[Brief descriptive captions]
----------

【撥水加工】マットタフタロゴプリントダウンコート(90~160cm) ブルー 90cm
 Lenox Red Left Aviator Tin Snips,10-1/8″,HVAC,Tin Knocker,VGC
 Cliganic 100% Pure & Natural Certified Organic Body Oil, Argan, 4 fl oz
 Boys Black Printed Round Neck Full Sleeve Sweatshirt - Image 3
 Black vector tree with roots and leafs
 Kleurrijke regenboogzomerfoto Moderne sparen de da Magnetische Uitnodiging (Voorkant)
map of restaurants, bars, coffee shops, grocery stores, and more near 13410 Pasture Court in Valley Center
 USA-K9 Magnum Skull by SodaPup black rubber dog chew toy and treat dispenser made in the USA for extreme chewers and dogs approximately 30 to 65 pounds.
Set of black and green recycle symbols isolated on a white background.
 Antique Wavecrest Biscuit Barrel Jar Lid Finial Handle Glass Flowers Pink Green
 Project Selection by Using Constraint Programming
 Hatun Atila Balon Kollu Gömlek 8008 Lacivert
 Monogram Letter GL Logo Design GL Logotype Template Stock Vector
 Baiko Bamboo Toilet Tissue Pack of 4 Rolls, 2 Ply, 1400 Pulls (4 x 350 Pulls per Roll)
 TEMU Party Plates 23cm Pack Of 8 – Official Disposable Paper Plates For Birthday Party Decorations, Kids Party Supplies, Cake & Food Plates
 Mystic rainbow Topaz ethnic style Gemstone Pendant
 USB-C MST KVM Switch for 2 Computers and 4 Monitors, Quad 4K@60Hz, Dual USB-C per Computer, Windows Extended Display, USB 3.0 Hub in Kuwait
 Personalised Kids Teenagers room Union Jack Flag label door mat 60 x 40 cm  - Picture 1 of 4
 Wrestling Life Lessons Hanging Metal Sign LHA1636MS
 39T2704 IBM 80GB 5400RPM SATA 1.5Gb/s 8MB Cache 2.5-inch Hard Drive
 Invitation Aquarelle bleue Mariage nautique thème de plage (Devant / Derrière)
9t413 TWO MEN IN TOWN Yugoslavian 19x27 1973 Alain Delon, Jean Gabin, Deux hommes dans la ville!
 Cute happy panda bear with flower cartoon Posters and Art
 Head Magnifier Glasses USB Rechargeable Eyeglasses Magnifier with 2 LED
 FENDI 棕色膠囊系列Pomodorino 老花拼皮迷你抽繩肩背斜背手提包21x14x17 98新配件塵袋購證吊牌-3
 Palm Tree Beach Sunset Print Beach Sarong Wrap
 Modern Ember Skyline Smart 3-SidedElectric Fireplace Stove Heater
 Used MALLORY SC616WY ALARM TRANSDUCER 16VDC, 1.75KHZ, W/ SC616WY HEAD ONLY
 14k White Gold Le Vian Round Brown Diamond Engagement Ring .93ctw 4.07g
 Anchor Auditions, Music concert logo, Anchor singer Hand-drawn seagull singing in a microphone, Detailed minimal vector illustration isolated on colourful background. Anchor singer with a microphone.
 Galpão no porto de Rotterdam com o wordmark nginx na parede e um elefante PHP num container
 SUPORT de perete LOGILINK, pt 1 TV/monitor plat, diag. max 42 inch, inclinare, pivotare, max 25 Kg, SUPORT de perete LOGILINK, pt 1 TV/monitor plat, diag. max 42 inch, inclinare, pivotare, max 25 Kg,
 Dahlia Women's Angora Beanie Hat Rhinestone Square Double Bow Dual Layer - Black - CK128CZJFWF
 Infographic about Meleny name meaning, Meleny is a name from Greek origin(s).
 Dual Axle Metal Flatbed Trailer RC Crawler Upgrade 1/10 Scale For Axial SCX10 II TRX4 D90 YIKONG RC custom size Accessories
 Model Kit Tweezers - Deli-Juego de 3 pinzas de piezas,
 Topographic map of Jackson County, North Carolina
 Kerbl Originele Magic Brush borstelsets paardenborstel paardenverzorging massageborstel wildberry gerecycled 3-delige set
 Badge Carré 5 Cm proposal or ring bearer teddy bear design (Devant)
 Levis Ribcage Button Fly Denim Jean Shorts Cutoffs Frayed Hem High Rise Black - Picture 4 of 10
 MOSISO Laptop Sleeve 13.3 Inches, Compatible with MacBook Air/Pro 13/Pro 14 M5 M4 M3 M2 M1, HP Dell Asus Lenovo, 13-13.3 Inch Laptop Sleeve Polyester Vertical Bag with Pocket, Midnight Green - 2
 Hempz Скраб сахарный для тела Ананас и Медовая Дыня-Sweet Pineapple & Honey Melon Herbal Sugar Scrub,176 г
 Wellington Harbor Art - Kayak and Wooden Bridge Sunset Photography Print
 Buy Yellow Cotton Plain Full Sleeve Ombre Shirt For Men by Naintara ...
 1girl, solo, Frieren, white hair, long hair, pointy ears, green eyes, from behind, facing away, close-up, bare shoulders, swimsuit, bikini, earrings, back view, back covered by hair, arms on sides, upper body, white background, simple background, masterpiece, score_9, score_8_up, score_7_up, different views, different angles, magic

----------

• Work required:
Every line above that holds the string "Sunset" should be returned.

• Output below:
 Palm Tree Beach Sunset Print Beach Sarong Wrap
 Wellington Harbor Art - Kayak and Wooden Bridge Sunset Photography Print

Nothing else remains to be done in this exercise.